# Data acquisition and pre-processing

## Data acquisition  
The main data source is here <https://lindat.mff.cuni.cz/repository/xmlui/handle/11372/LRT-3052>.  

Data acquisition process is fully automated through the following steps:  
* ZIP file which contains the whole dataset is downloaded from the main data source into a directory specified by **DIR_RAW_DATA** constant.
* All documents are extracted from the ZIP file into a separate directory, specified by **DIR_EXTRACTED_DATA** constant.

In [None]:
import os
import requests
import zipfile
from tqdm.notebook import tqdm

In [None]:
URL_RAW_DATA = 'https://lindat.mff.cuni.cz/repository/xmlui/bitstream/handle/11372/LRT-3052/SupCo.zip?sequence=3&isAllowed=y'
FNAME_ZIP_DATA = 'SupCo.zip'
DIR_RAW_DATA = 'raw_data'
DIR_EXTRACTED_DATA = 'extracted_data'

In [None]:
def download_dataset(url, local_fpath):
    resp = requests.get(url, stream=True)
    total = int(resp.headers.get('content-length', 0))
    
    with open(local_fpath, 'wb') as file, tqdm(desc=local_fpath, total=total, unit='iB', unit_scale=True, unit_divisor=1024,) as bar:
        for data in resp.iter_content(chunk_size=1024):
            size = file.write(data)
            bar.update(size)

In [None]:
if not os.path.exists(DIR_RAW_DATA):
    os.mkdir(DIR_RAW_DATA)
    download_dataset(URL_RAW_DATA, os.path.join(DIR_RAW_DATA, FNAME_ZIP_DATA))

In [None]:
if not os.path.exists(DIR_EXTRACTED_DATA):
    with zipfile.ZipFile(os.path.join(DIR_RAW_DATA, FNAME_ZIP_DATA)) as zip_file:
        for zip_info in tqdm(zip_file.infolist()):
            fname = os.path.basename(zip_info.filename)
            if fname.endswith('.txt'):
                zip_info.filename = fname
                zip_file.extract(zip_info, DIR_EXTRACTED_DATA)

In [None]:
print(f'Number of extracted documents: {len(os.listdir(DIR_EXTRACTED_DATA))}')

## Data pre-processing
The following section describes a process of data-preprocessing aswell as a parallel processing approach to such task.

### Input format:
Raw text files (encoding: Windows-1250).

### Pre-processing steps:
#### I. Text cleaning
* Numbers are separated from strings, eg. 'abc123' -> 'abc 123'.
* Quotation marks are removed.
* Leading and trailing spaces are removed.

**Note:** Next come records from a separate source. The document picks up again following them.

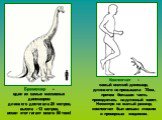 Брахиозавр – один из самых массивных динозавров: длина его достигала 25 метров, высота - 13 метров, весил этот гигант около 80 тонн! Компсогнат - самый мелкий динозавр, длина его не превышала 70см, причем большая часть приходилась на длинный хвост. Несмотря на малый размер, компсогнат был весьма лов
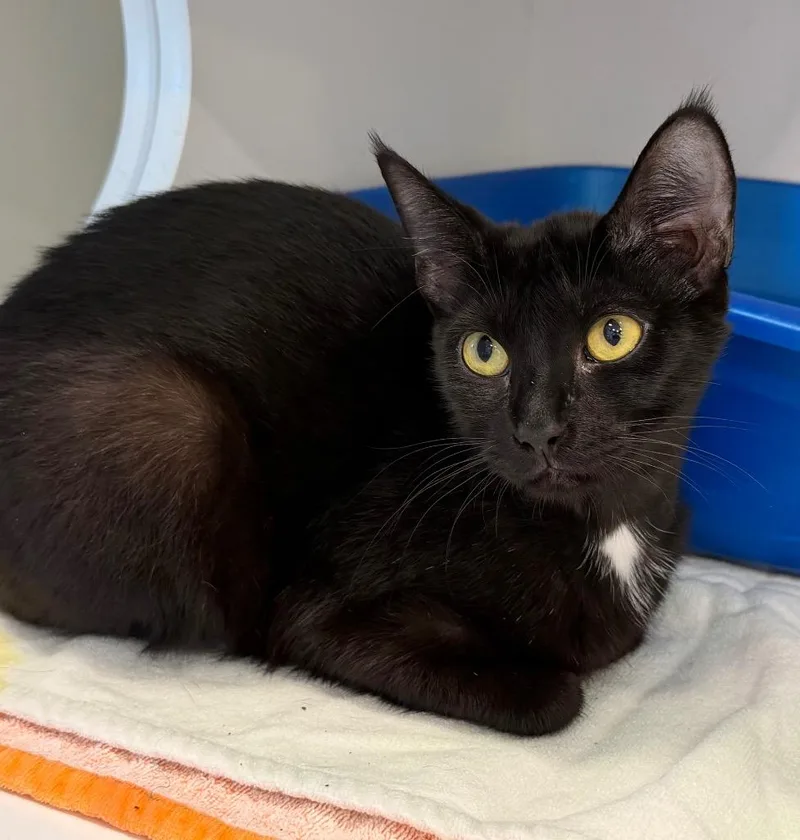 A baby medium-sized female Domestic Short Hair cat named Ebony for adoption in Columbia, IL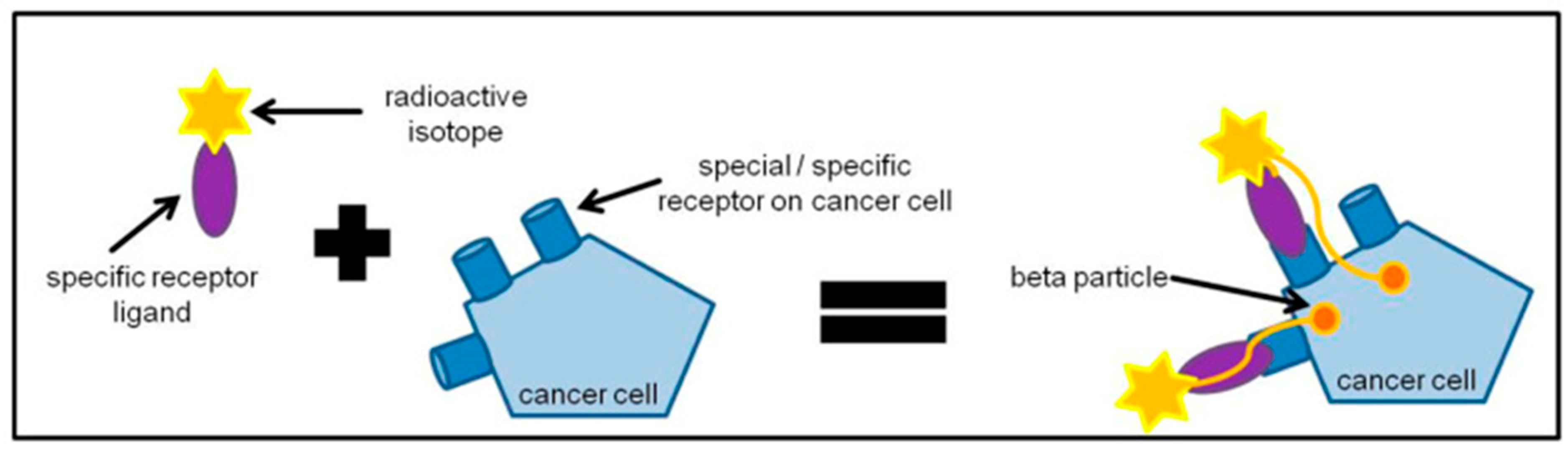 Cancers 17 03821 g001 Cancers 17 03821 g001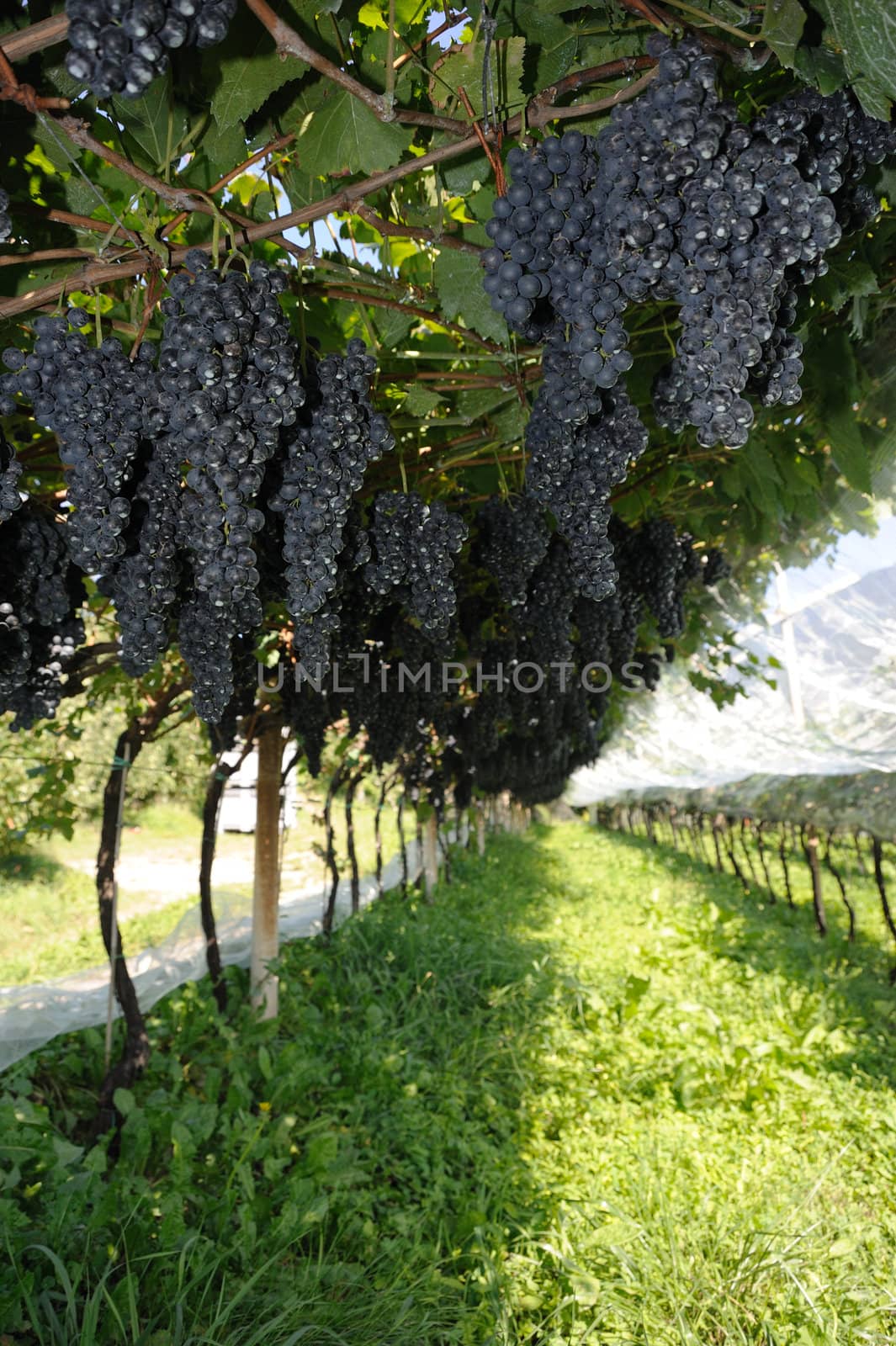 An image of fresh blue grapes in the vineyard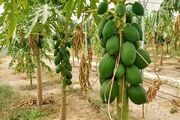 سیستان و بلوچستان خاستگاه تولید میوه های گرمسیری در کشور
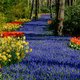 Zin in een leuk uitje? Keukenhof is na twee jaar weer open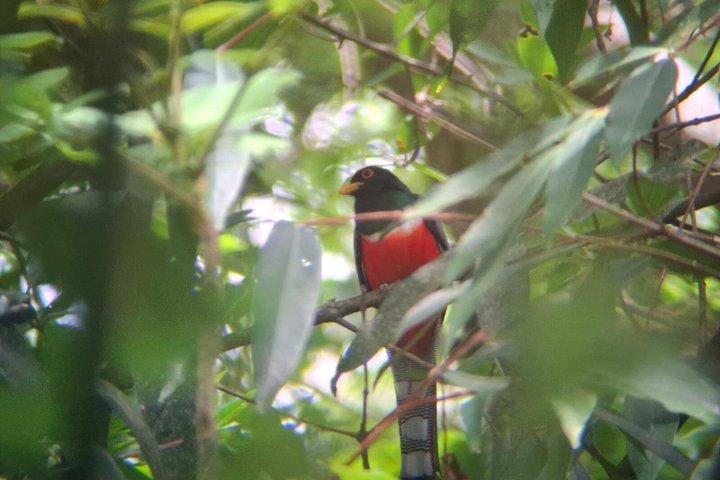 El Espino Eco Park Vogelbeobachtungstour mit einem Fortgeschrittener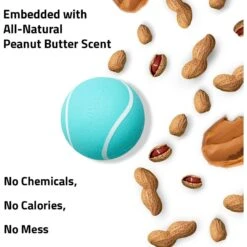 Playology Scented Squeaky Chew Ball Dog Toy 11 Playology Scented Squeaky Chew Ball Dog Toy -Dog Supplies 254272 PT2. AC SS1800 V1697736252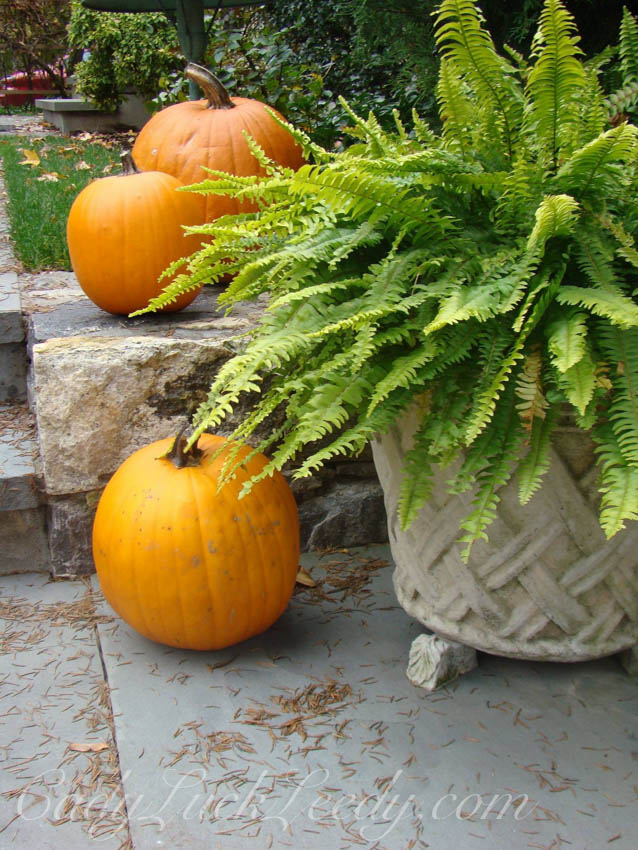 The Pumpkins on the Porch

#### II. Document filtering:
* Documents containing the following terms: **důvodnění**, **d ů v o d n ě n í** are selected.

#### III. Part-of-speech tagging (POS tagging)
* Filtering of tokens based on POS tags: nouns and adjectives are selected.

#### IV. Lemmatization
* The filtered tokens with length >= 3 are lemmatized and converted to lowercase.

### Output format:
JSON files (encoding: UTF-8) containing a list of extracted lemmas (one file per each document).

In [None]:
import spacy_udpipe
import json
import re

In [None]:
def preprocess_token(token):
    token = ' '.join(re.split('(\d+)', token)) # Separate numbers
    token = re.sub(r'[„“\"\']+', '', token) # Remove quotation marks
    token = token.strip() # Strip leading and trailing spaces
    return token

def extract_lemmas(text, spacy_model, allowed_pos_tags, min_token_len, to_lower):
    lemmas = []
    doc = spacy_model(text)

    for token in doc:
        if not token.is_stop and not token.is_punct and token.pos_ in allowed_pos_tags and len(token) >= min_token_len:
            if to_lower:
                lemma = token.lemma_.lower()
            else:
                lemma = token.lemma_
            lemmas.append(lemma)
    return lemmas
    
def preprocess_file(fpath, spacy_model, allowed_pos_tags, min_token_len, lemmas_to_lower, encoding):
    with open(fpath, 'r', encoding=encoding, errors='ignore') as file:
        textorig = ' '.join([preprocess_token(token) for token in file.read().split(' ')])
        
        if 'důvodnění' in textorig:
            index = textorig.find('důvodnění')
            text = textorig[index+9:]
            return extract_lemmas(text, spacy_model=spacy_model, allowed_pos_tags=allowed_pos_tags, min_token_len=min_token_len, to_lower=lemmas_to_lower)
            
        elif 'd ů v o d n ě n í' in textorig:
            index = textorig.find('d ů v o d n ě n í')
            text = textorig[index+16:]
            return extract_lemmas(text, spacy_model=spacy_model, allowed_pos_tags=allowed_pos_tags, min_token_len=min_token_len, to_lower=lemmas_to_lower)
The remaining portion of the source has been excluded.